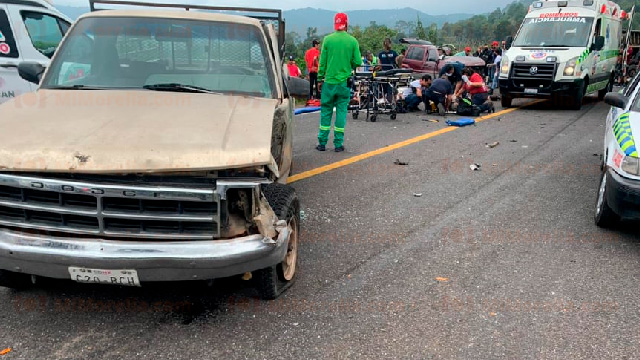 Carambola en la carretera Pátzcuaro-Uruapan deja un bebé y 2 mujeres sin vida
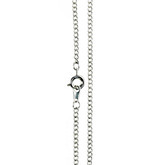 Assembled Chain 16 Inch Silver Plated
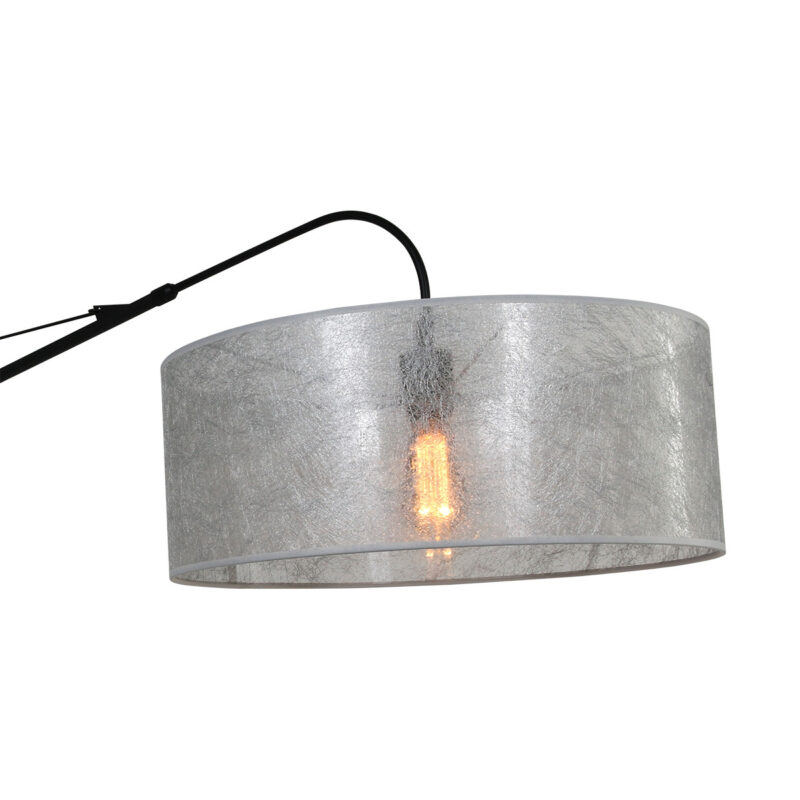 Uitschuifbare wandlamp met zilveren kap Steinhauer Elegant classy - Afbeelding 10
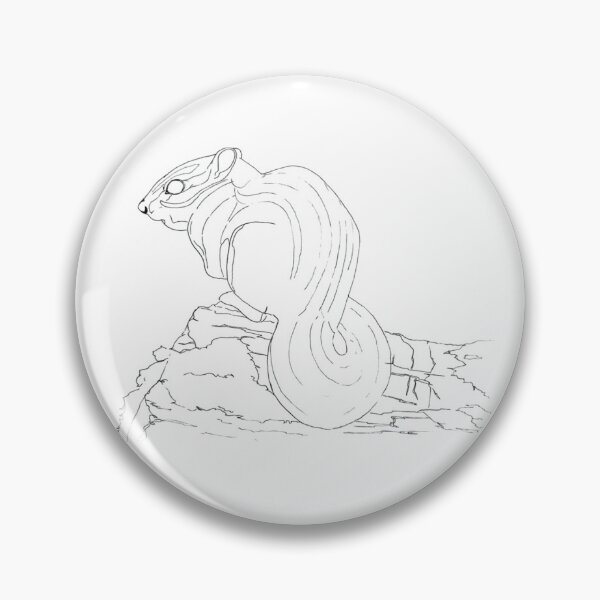 Item preview, Squirrel black and white designed and sold by Hueyhuesart.
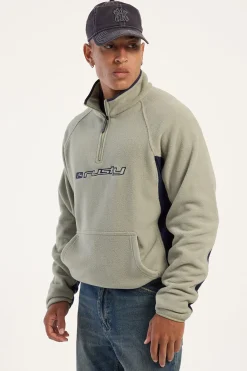 Blizzard Quarter Zip Polar Fleece Abbey Stone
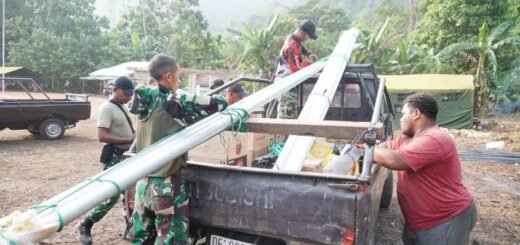 Kesiapan Logistic Material TMMD Awali Pembangunan di Ambon dengan Baik
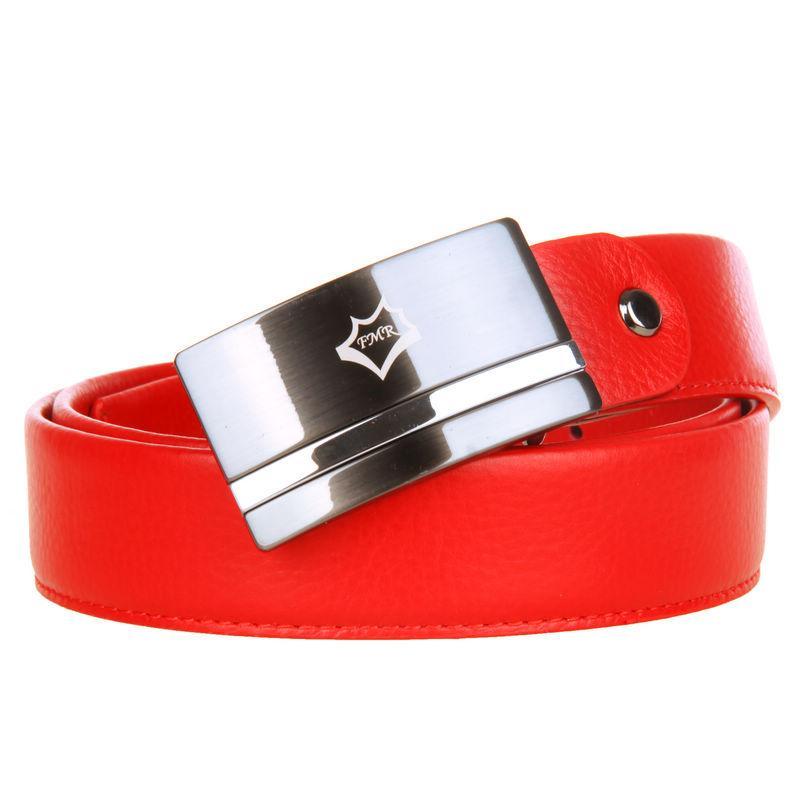 法摩尔FAM-MY44男款牛皮红色腰带35mm,善融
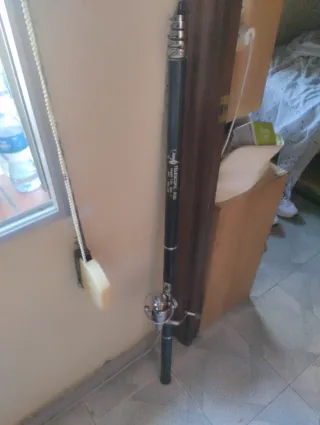 Caña telescópica 7m Evia + carrete 4000 nuevo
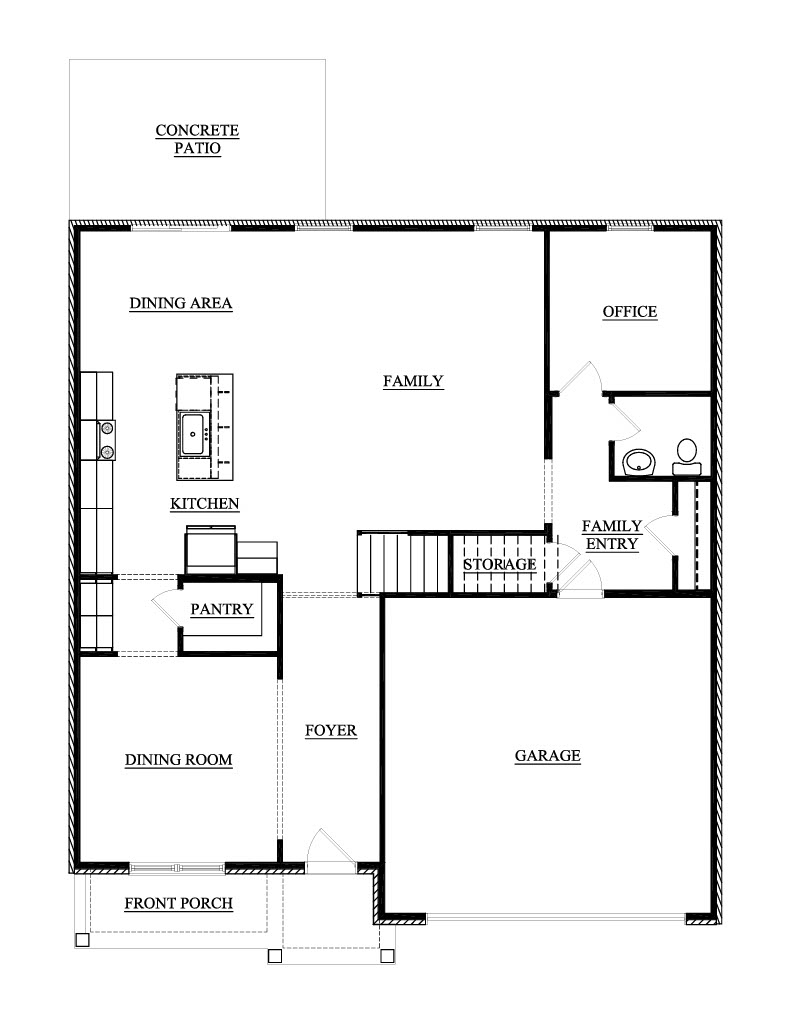 230 ASPC 1st Story Floorplanrevolution farmhouse acadia south park commons bowling green kentucky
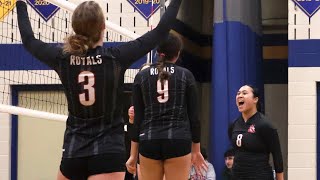 Feb. 10th, 2025 - HIGHLIGHTS - SEMI FINALS Junior Girls Volleyball - Bishop Reding vs Notre Dame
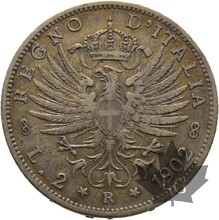 ITALIE-1902-2 LIRE-VITTORIO EMANUELE III-TTB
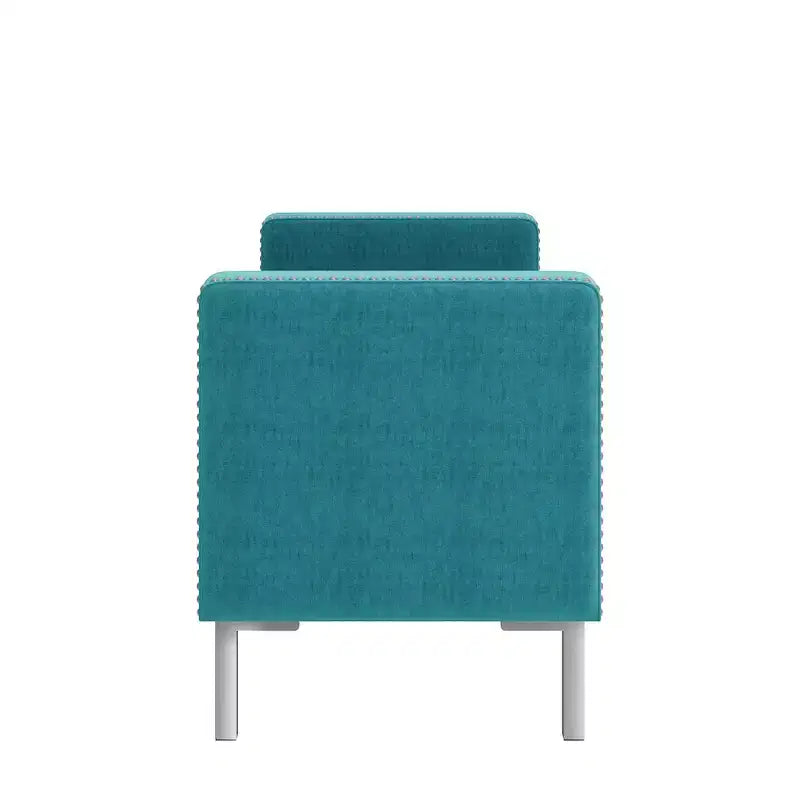 HL Home Furnishings,Square Arm Tufted Storage Ottoman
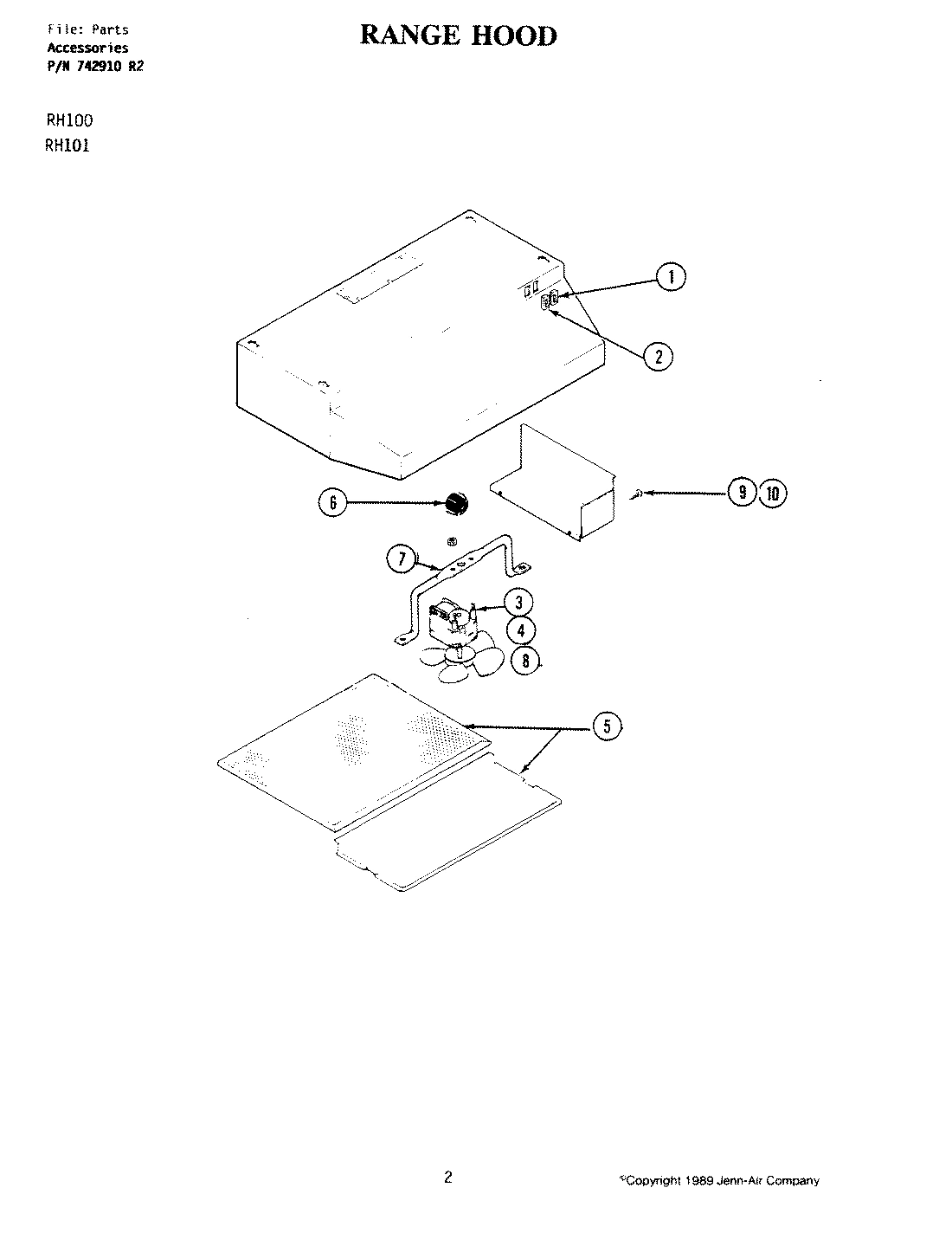 01 - RANGE HOOD (RH101)
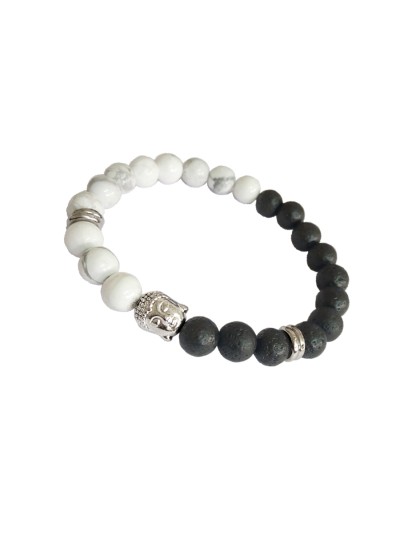 Natural Stones Buddha Beads Bracelet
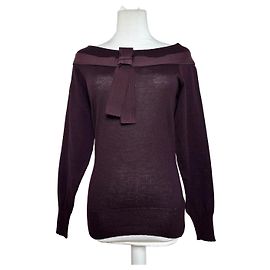 Gianni Versace Vintage Versace Off-Shoulder Strickpullover lila S Lila
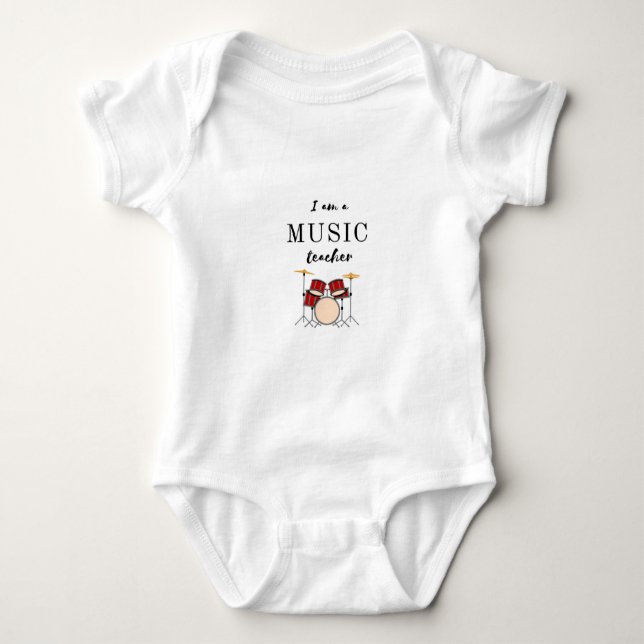 Dreamy Watercolor Tattoo T-Shirt Baby Bodysuit (Front)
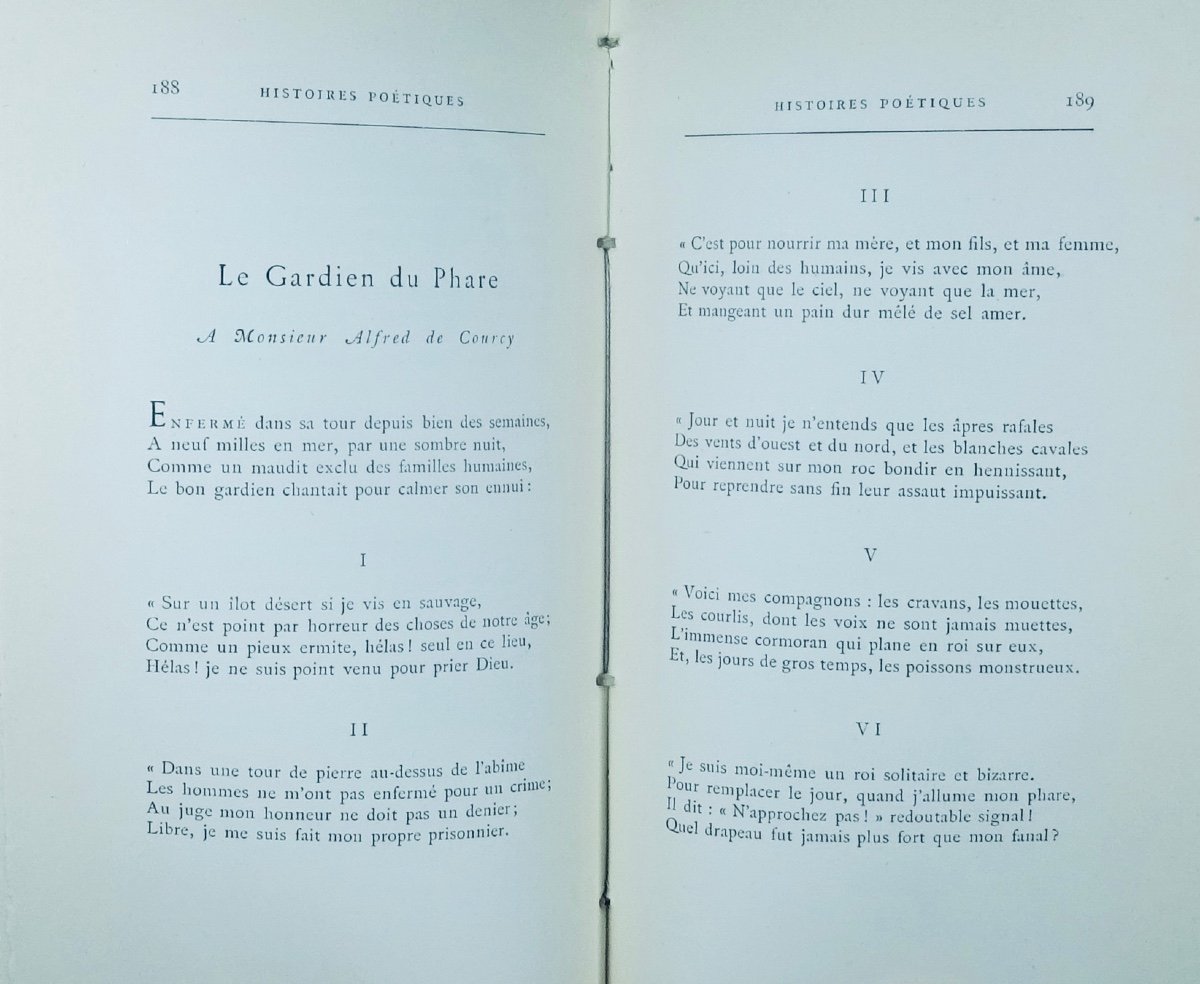 BRIZEUX - La fleur d'or. Histoires poétiques I-II-III-IV. Cycle. Lemerre, vers 1910, bien relié-photo-8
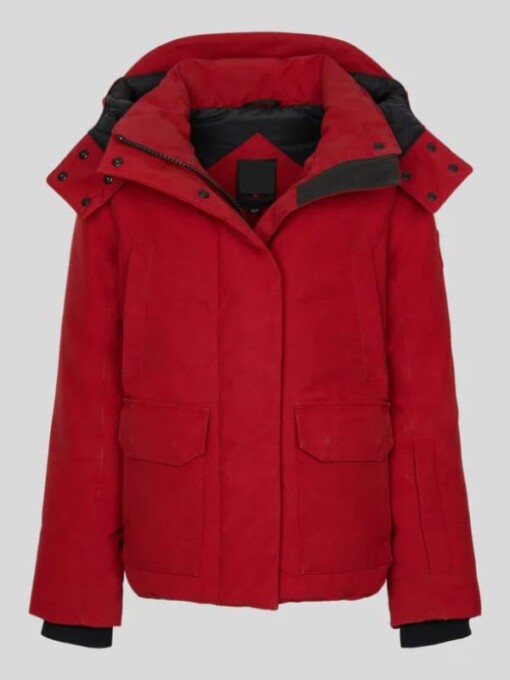 Chicago Fire Sylvie Brett Red Parka Jacket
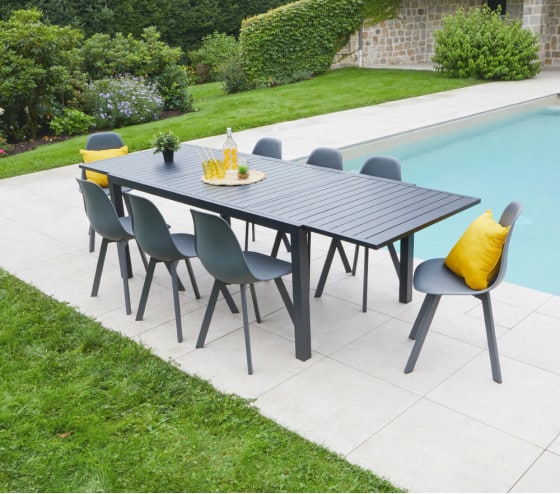 table de jardin 8 places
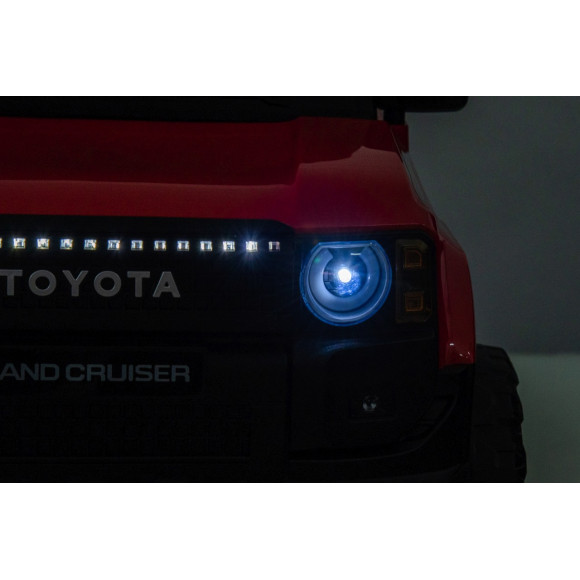 Pojazd Toyota PRADO Czerwony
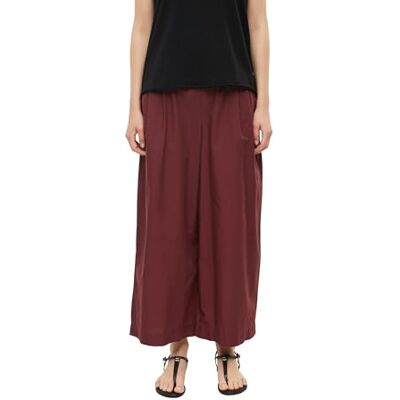 s.Oliver Damen Culotte – High Rise, Wide Leg, Popeline, mit Falten und Taschen s.Oliver Damen Culotte – High Rise, Wide Leg, Popeline, mit Falten und Taschen
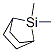 7,7-Dimethyl-7-silabicyclo[2.2.1]heptane Struktur
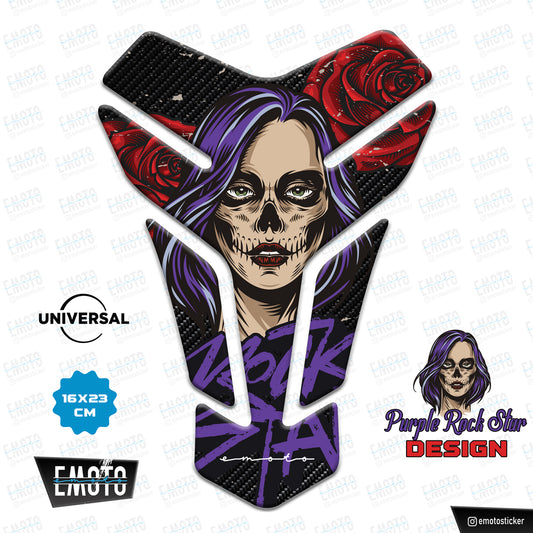 PURPLE ROCK STAR UNIVERSAL TANK PAD 16x23cm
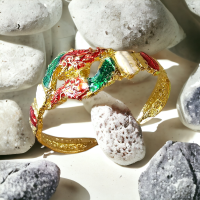 ราคา กำไลพญานาคไขว้ เส้นผ่านศูนย์กลาง 5 5 ซม กำไลตัวซี ฟรีไซส์ปรับขนาดได้ เสริมบารมี ทองเหลืองแท้ ใส่ทนนาน (19508418269)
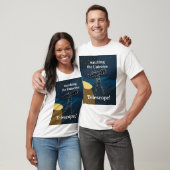 望遠鏡 夜空 天文学 星空観察 趣味 Tシャツ (ユニセックス)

**YOUR OBJECTIVE:**
What should appear is an exact reproduction of the lines from the one with "Chicago Fire Sylvie Brett Red Parka Jacket" through the end of the material above, and no pictures.

**ANSWER AREA:**
 Chicago Fire Sylvie Brett Red Parka Jacket
 table de jardin 8 places
 Pojazd Toyota PRADO Czerwony
 s.Oliver Damen Culotte – High Rise, Wide Leg, Popeline, mit Falten und Taschen s.Oliver Damen Culotte – High Rise, Wide Leg, Popeline, mit Falten und Taschen
 7,7-Dimethyl-7-silabicyclo[2.2.1]heptane Struktur
 PURPLE ROCK STAR UNIVERSAL TANK PAD 16x23cm
 ราคา กำไลพญานาคไขว้ เส้นผ่านศูนย์กลาง 5 5 ซม กำไลตัวซี ฟรีไซส์ปรับขนาดได้ เสริมบารมี ทองเหลืองแท้ ใส่ทนนาน (19508418269)
 望遠鏡 夜空 天文学 星空観察 趣味 Tシャツ (ユニセックス)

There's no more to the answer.